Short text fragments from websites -
▬▬▬▬▬▬

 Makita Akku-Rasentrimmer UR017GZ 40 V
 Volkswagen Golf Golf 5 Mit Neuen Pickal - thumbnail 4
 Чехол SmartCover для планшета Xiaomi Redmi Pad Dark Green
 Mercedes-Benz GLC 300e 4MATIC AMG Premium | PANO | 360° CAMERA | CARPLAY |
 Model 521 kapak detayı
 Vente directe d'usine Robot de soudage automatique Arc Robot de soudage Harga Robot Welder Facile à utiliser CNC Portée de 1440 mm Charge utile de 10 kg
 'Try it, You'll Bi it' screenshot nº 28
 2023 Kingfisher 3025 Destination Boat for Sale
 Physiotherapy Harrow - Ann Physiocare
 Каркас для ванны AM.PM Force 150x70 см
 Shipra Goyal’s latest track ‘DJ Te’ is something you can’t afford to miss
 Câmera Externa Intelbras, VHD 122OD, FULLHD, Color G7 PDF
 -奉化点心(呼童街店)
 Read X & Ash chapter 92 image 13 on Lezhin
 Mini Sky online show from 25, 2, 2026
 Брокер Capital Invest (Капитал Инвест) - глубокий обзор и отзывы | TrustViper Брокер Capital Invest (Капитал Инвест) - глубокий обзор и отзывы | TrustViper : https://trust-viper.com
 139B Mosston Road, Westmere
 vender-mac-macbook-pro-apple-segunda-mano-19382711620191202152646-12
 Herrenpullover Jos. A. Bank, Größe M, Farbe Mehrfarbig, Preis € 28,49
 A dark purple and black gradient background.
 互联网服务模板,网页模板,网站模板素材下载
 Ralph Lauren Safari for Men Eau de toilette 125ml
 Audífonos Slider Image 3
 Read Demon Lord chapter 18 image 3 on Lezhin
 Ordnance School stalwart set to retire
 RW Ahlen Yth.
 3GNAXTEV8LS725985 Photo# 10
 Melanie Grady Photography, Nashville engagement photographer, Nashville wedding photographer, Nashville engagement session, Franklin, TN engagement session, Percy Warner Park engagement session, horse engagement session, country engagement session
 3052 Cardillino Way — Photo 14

▬▬▬▬▬▬

What the task requires -
Output the lines of the records above exactly as they appear, from the line containing "Câmera Externa Intelbras, VHD" through the line containing "139B Mosston Road, Westmere".

Response area -
 Câmera Externa Intelbras, VHD 122OD, FULLHD, Color G7 PDF
 -奉化点心(呼童街店)
 Read X & Ash chapter 92 image 13 on Lezhin
 Mini Sky online show from 25, 2, 2026
 Брокер Capital Invest (Капитал Инвест) - глубокий обзор и отзывы | TrustViper Брокер Capital Invest (Капитал Инвест) - глубокий обзор и отзывы | TrustViper : https://trust-viper.com
 139B Mosston Road, Westmere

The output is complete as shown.